By Nathaniel James, Exponent Philanthropy

Originally featured on GMNsight, a professional journal written for and by the members of Grants Managers Network

In philanthropy, it seems everyone is talking about collaboration. The more we aspire to work together, the more we find that effective collaborations require patience, practice, and sometimes teach hard lessons. Earlier this year, Michael Moody wrote that aspiring collaborative donors “face distinct challenges related to their own capacity and power [and] their tolerance for risk and transparency.”

So, whereas we understand the rewards of collaboration to be high, collaboration is still hard.
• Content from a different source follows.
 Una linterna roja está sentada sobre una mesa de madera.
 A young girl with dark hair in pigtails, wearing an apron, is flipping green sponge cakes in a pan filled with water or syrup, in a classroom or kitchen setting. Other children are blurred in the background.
But what if this is just a phase for philanthropy?

Panel at Youth Philanthropy Connect 2016 International Conference

This summer, I participated in the international Youth Philanthropy Connect Conference, aptly titled “Building Tomorrow, Together: The Future of Philanthropy,” and I observed an ease of relationship-building that could one day transform our field. There I saw the future of philanthropy, those in the 8- to 21-year-old set for whom collaboration is a central part of who they are and how their first experiences unfold.

Over five years, the conference has grown to 58 participating organizations and 180 participants. During the launch presentation on the new site, we learned that the global youth philanthropy field has distributed over $15 million in grants since 2001, making it a distinct new entrant into the larger nonprofit sector and one whose influence is just starting to be felt.